Jovens, futuro e saúde mental

Em meio à crise econômica e às barreiras para o primeiro emprego, jovens brasileiros encaram falta de perspectivas e impacto na saúde mental

Leonardo Neiva 30 de Outubro de 2022
Mariana Simonetti

Jovens, futuro e saúde mental

Em meio à crise econômica e às barreiras para o primeiro emprego, jovens brasileiros encaram falta de perspectivas e impacto na saúde mental

Leonardo Neiva 30 de Outubro de 2022

Hoje no segundo ano do ensino médio, a jovem paulistana Dora, 16, decidiu fazer um curso de gestão administrativa em 2021, por meio da organização Instituto da Oportunidade Social (IOS), já pensando em trabalhar como jovem aprendiz.
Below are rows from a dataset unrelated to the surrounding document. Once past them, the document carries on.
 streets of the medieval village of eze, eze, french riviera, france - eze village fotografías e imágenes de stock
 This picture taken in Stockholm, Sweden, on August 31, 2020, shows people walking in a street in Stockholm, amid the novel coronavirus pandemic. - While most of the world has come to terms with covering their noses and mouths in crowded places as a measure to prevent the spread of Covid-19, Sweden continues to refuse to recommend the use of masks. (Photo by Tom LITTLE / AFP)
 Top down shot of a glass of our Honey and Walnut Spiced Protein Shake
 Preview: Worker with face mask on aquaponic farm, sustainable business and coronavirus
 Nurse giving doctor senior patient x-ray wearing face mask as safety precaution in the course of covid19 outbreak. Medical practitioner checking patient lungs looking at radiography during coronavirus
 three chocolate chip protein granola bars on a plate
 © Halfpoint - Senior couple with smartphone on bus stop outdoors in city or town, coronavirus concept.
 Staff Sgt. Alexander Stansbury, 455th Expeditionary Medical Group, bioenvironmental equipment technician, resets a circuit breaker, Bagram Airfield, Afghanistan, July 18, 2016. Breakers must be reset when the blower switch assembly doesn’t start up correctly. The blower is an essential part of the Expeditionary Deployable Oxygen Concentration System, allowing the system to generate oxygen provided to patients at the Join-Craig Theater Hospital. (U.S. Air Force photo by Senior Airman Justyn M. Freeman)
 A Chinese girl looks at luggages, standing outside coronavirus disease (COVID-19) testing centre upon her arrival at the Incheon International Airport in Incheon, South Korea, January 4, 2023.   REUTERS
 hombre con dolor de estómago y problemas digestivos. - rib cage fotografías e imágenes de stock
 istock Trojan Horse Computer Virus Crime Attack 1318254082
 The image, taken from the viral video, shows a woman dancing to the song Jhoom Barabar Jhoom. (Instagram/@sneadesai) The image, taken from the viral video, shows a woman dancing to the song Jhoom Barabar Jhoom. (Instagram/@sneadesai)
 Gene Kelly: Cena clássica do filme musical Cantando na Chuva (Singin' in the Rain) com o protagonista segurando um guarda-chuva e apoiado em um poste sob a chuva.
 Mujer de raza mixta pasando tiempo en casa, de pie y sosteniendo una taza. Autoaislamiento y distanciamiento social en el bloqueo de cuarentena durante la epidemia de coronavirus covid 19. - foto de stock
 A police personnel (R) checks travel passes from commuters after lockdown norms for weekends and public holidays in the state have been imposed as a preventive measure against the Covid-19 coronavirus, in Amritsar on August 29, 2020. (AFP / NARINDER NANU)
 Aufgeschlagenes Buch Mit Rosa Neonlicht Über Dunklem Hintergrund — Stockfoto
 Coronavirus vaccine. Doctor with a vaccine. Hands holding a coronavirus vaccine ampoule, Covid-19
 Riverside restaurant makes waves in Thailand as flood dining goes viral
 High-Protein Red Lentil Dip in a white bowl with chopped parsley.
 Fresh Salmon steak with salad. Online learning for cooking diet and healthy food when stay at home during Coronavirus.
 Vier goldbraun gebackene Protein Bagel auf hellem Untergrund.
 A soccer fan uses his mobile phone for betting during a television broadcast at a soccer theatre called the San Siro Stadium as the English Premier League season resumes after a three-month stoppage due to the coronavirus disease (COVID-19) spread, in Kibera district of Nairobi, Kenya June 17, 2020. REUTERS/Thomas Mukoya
Até o momento, foram quatro entrevistas em diferentes empresas, por onde parece ter deixado um rastro de boas impressões. “Em três delas eu passei, mas não pude aceitar porque me pediam para estudar de noite”, conta a adolescente. Como Dora é bolsista numa escola particular e não tem possibilidade de mudar o horário do curso, largar mão da bolsa às vésperas do vestibular lhe pareceu inviável.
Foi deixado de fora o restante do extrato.